Deep collaboration with academia is important to develop the right technology based on the best understanding of the underlying science. The National Science Foundation (NSF) recently awarded an NSF “Convergence Accelerator” grant, which includes academic partners from Vanderbilt University, Johns Hopkins University, Institute for Health Metrics and Evaluation at the University of Washington and the University of Pittsburgh. The NSF Convergence Accelerator is one of the NSF’s “10 big ideas” to rapidly accelerate innovation.

“This project will provide long lasting contributions to human health and pandemic preparedness,” the NSF said in its award, noting that “as deep biome data exponentially scales, the life sciences will become overwhelmed with genomic information. Convergence must lead to new methods to efficiently harness these data and autonomously derive insights.”

Industrial collaborators are also crucial to success. Bayer, perhaps best known for its aspirin – but also one of the world’s leading agricultural companies – plays a critical role by providing public health with treatments to suppress mosquito populations. For example, in partnership with other leading companies in vector control, they are working to eradicate malaria by the year 2040. According to the World Health Organization, in 2018, nearly half of the world’s population was at risk of malaria.

“That’s why we need to have in our toolbox a diverse set of solutions, including those that give us insights,” says Jacqueline Applegate, president of Global Vegetable Seeds and Environmental Science at Bayer. “Microsoft Premonition gives us the opportunity to be able to get a much more realistic perspective.”

Premonition will allow Bayer “to utilize data, information tools, and resources in new ways so we can be even more prescriptive and optimize our vector control strategies so that they have the greatest impact,” she says. “And as intervention becomes more accurate, we can help free up capacity for countries – with often limited resources – for other public health issues.”

Microsoft Premonition changes the paradigm from reacting to known pathogens to continuously looking for them as they evolve.

In addition, with countries’ vector-control operations around the world disrupted and health systems stressed because of COVID-19, it’s more important than ever to be able to have a biothreat forecasting system available, Applegate says.

“Any ways that we’re able to be preventative, be proactive and prevent illness is really, really welcomed,” she says.

Nicolas Villar, a principal hardware architect in Microsoft Premonition, is working to design the next generation of robotic smart traps. Bugs of any kind, except the computer variety, were not a part of his background. Among his work, Villar co-led the development of Project Torino, an educational tool to teach children with vision impairments the fundamentals of programming, and Project Emma, a platform to study the mitigating effects of vibration on tremors experienced by Parkinson’s patients.

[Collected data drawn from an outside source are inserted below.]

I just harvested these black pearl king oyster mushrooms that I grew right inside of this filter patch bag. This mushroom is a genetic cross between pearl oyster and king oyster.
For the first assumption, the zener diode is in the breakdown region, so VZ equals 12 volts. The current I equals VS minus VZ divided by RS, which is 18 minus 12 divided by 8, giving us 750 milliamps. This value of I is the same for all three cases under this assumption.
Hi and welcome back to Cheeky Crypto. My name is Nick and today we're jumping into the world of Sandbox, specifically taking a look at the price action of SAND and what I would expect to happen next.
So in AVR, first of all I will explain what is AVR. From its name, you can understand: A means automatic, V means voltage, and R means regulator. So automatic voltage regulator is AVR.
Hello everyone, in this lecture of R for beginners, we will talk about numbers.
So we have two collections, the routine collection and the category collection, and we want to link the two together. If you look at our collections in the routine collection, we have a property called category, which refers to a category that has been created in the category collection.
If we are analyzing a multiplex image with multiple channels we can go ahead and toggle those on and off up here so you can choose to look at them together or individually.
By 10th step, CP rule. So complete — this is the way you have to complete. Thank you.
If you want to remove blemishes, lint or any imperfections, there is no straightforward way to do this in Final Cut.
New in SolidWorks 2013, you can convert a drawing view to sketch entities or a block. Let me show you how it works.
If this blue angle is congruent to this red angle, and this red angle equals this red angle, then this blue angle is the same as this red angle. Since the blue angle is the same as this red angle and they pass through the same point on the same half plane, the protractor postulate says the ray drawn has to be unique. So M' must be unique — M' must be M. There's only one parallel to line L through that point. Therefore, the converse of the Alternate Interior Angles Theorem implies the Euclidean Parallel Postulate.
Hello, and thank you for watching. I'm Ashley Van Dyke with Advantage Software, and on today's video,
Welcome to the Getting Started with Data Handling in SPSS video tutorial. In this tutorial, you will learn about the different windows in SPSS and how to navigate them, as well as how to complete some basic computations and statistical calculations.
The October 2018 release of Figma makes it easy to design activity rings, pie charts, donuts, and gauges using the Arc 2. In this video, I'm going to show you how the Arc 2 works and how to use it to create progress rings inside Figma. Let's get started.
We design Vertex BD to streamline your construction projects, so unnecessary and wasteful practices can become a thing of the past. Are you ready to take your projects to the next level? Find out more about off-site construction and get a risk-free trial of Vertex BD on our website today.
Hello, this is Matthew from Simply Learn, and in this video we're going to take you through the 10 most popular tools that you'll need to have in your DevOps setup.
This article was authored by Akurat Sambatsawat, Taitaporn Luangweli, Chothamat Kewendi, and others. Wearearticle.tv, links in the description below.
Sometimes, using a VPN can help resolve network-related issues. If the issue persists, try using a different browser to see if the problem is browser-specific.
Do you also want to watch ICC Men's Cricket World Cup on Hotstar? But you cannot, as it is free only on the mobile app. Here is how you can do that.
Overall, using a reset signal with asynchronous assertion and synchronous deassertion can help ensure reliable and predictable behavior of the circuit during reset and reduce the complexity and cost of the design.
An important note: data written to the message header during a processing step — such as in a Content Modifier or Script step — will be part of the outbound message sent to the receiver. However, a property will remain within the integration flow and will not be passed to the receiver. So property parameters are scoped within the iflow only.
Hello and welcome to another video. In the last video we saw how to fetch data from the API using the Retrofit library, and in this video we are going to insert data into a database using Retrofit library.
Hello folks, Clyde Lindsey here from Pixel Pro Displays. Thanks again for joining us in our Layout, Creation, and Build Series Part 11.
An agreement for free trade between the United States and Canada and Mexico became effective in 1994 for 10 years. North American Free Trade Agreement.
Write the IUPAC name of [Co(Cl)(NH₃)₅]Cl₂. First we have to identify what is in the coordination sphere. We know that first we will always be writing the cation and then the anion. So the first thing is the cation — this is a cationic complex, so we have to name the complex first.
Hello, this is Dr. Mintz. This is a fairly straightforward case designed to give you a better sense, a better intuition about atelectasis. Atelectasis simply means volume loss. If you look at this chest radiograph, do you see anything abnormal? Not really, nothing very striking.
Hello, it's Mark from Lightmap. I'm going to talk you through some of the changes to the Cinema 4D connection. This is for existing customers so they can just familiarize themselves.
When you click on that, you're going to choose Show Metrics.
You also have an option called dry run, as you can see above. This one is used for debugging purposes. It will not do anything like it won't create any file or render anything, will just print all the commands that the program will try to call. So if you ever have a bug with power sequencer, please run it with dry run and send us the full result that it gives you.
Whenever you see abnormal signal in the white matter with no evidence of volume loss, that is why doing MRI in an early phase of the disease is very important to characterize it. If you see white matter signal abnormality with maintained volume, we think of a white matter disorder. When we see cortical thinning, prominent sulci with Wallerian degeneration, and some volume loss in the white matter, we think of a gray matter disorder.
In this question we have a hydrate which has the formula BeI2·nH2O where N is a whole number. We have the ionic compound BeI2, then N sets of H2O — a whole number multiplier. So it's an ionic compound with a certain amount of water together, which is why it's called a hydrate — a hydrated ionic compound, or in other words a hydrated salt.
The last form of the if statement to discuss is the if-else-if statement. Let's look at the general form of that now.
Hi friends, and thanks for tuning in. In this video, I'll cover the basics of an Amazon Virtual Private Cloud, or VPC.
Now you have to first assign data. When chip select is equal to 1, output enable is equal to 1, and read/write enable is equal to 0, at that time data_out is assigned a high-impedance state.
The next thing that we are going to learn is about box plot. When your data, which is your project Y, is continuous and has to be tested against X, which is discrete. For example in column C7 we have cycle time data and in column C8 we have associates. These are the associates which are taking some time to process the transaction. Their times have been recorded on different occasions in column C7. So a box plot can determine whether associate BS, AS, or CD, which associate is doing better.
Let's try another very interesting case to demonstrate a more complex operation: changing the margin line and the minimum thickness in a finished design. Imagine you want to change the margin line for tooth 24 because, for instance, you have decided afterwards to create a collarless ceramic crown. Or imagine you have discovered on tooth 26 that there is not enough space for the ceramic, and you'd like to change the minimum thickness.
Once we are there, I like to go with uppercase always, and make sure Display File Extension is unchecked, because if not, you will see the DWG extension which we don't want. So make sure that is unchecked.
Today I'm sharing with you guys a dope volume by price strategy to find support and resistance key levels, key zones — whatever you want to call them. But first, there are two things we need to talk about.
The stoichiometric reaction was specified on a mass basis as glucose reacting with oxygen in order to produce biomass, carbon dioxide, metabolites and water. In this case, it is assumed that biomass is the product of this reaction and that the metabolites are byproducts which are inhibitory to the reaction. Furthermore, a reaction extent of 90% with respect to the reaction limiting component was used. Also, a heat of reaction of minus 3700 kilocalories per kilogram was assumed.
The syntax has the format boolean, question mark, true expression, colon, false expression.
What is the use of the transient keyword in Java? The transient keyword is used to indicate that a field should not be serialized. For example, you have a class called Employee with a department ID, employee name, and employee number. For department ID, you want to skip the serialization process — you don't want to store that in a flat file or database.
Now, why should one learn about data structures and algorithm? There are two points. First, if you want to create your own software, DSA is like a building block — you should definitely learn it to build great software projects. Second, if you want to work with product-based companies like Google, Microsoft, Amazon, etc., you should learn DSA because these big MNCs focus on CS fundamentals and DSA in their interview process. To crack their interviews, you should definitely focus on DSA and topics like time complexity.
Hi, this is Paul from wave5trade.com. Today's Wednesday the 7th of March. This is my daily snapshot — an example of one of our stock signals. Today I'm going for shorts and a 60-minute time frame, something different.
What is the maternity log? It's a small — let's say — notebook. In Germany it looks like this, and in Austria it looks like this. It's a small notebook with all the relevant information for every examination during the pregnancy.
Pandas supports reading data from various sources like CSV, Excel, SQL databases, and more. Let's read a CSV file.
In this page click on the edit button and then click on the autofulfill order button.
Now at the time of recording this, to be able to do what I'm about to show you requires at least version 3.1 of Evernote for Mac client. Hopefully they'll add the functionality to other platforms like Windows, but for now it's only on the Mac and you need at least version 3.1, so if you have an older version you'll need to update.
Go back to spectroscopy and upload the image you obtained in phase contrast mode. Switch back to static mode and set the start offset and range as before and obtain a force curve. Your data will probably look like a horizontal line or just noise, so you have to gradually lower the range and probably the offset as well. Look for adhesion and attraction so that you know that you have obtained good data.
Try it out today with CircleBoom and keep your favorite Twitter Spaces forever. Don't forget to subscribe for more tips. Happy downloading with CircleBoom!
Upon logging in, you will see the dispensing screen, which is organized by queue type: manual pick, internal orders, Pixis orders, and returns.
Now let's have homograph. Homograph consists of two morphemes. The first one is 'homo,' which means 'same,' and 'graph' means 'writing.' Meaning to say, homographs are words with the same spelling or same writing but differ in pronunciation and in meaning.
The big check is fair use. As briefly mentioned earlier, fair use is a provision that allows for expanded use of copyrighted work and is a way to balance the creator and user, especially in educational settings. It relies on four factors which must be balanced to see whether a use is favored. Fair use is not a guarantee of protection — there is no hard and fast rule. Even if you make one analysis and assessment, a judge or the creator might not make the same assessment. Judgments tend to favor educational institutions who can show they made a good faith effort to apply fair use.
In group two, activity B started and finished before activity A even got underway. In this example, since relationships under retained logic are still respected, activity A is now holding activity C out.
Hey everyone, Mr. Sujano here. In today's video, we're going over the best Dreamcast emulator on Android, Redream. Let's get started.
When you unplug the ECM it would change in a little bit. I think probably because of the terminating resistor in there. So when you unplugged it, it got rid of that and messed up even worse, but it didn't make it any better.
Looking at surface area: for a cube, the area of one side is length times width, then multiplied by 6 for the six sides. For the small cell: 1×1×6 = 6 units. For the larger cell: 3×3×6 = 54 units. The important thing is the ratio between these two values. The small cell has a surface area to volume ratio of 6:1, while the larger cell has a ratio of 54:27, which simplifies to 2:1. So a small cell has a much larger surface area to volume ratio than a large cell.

“My background has been in mostly working in interactive technologies, things that touch people very directly and change how people learn, play or get healthy in different ways,” Villar says. “Learning to work with biology and insects has been a completely new world. One thing that motivates me on this project is that while a lot of the work is technical, the impact it has is a very human one. We are trying to solve really important problems that humanity faces today, and on a scale that is incredibly exciting.”

“Microsoft Premonition obviously has a very different perspective than when we first started this project, when we asked the fundamental question – ‘Could we use a mosquito to understand pathogens as they flow through the environment?’” Jackson says.

“Along the way we learned that the existing technologies couldn’t operate at scale for biome monitoring. We built algorithms, new data-driven models, and a proving ground from the ground up, to train those algorithms and models – right from the physical screws and panels, to the cloud architectures. That learning took time, and effort, but now we get to build a network that can monitor the small – so that we can predict the big.”